- **Task directions**
Out of the data below, copy every line with the string "Wood".
Information given Block Start
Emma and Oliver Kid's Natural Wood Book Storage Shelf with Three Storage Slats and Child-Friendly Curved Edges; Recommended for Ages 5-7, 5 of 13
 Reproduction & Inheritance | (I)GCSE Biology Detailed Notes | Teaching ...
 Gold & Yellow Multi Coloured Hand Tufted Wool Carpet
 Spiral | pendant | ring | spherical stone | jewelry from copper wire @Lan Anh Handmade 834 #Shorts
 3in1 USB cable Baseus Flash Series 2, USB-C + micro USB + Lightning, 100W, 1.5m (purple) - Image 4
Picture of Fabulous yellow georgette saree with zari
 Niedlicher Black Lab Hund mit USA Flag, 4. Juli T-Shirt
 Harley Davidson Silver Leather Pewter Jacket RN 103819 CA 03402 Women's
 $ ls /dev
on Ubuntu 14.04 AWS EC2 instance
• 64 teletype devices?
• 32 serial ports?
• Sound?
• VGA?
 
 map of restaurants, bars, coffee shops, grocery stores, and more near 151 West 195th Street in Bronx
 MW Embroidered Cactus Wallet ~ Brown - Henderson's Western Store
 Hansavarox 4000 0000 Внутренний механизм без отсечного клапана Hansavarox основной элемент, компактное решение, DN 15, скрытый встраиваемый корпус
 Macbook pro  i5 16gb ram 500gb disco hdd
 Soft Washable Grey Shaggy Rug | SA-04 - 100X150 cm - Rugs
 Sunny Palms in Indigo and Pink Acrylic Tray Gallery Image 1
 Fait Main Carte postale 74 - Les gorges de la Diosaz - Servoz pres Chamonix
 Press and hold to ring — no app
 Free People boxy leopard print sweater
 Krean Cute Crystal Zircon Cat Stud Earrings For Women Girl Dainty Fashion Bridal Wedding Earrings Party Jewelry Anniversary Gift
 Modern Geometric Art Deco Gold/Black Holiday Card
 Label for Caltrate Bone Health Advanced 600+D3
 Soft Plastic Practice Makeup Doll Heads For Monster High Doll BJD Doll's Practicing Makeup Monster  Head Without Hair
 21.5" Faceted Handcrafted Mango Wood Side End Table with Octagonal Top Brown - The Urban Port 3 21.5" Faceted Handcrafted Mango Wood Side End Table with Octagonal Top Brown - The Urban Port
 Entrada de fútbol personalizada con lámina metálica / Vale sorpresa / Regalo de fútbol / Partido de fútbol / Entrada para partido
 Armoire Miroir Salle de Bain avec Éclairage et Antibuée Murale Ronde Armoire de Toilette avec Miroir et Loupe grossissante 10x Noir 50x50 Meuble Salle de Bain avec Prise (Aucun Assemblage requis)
Information given Block End
- **Answer space**
Emma and Oliver Kid's Natural Wood Book Storage Shelf with Three Storage Slats and Child-Friendly Curved Edges; Recommended for Ages 5-7, 5 of 13
 21.5" Faceted Handcrafted Mango Wood Side End Table with Octagonal Top Brown - The Urban Port 3 21.5" Faceted Handcrafted Mango Wood Side End Table with Octagonal Top Brown - The Urban Port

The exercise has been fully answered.